- Contributed by
- BBC Southern Counties Radio
- People in story:
- Muriel Hayman, and her family
- Location of story:
- Croydon, surrey
- Background to story:
- Article ID:
- Contributed on:
- 03 August 2005
This story was submitted to the People’s War site by a volunteer at Dorking Library and has been added to the website on behalf of Muriel Hayman with her permission and she fully understands the site’s terms and conditions.
August 1944 I was home for the weekend from my evacuated address in Harpenden, Hertfordshire. My sister-in-law, now 83, my brother’s fiancée, now his widow, was visiting. The telephone rang. I answered it and it was my brother, Rex, phoning from East Croydon Station. The last I had heard of him was in Nairobi, East Africa. He had come back to England escorting POW’s and landed at Liverpool. Coming down to London he asked what these doodlebugs were and was told we had a shelter with 4 bunks. He wouldn’t have minded sharing with his parents but not with his sister. I was part of the National Fire Service (I manned the switchboard) in Harpenden (between St. Albans and Luton).
My brother Rex took his fiancée to her home at Woodside Green (one side of Croydon) where her father was chief air raid warden and she a part time warden (because full-time she was working for ICI).
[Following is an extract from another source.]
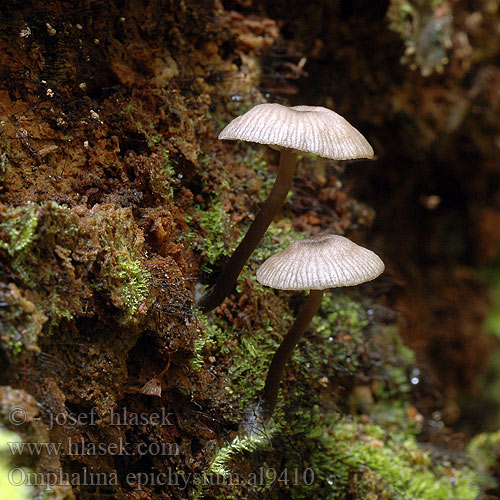 Omphalina epichysium al9410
My parents and I went down to the shelter in the back garden and during the night my brother (who had come back from dropping his fiancée home) came down dragging his bedding across the wet grass saying “I think I might as well come down here with you” (I believe his future father-in-law must have persuaded him to do this). It was just as well because a few days later, when I had returned to Harpenden from South Croydon, we had one of these V1’s (or ‘doodlebugs’ as they were known) fall in the bottom of the garden. When the Air Raid Precautions (ARP) people came round to the house in South Croydon and asked if there was anybody in the house, one of them replied “No” but that the dog was there. The ARP person said “xxxx the dog, we’re only looking for humans”. My brother, against the wishes of my father and the ARP person, climbed into the kitchen and rescued the dog. The dog relieved himself on the rubble and only had a bump on his head. My mother was just going into the house and lost her glasses and full set of false teeth but only had shock. The lower denture was found unharmed when clearing the rubble. My brother and father stayed on the site until the weekend when my father joined my mother, the dog and myself at my aunt’s (mother’s sister) at Frimley Green. My family had phoned me and I came back to Croydon for a few days. My brother and his fiancée went on holiday to North Wales and I returned to Harpenden.
The house was rebuilt (having been demolished completely) before 1948 because my brother and his fiancée were married and we had the reception at home. I was relieved the family had survived. My brother was already a Dunkirk survivor.
I was born in 1911 in South Norwood, London. I have one recollection of the First World War.
My cot was at the foot of my parents’ bed and I remember when the air raid warning went climbing out of the cot and landing on my parents and waking them up. I was around 4 or 5 years of age (1916). I did not go to school until possibly the war ended. I can’t remember.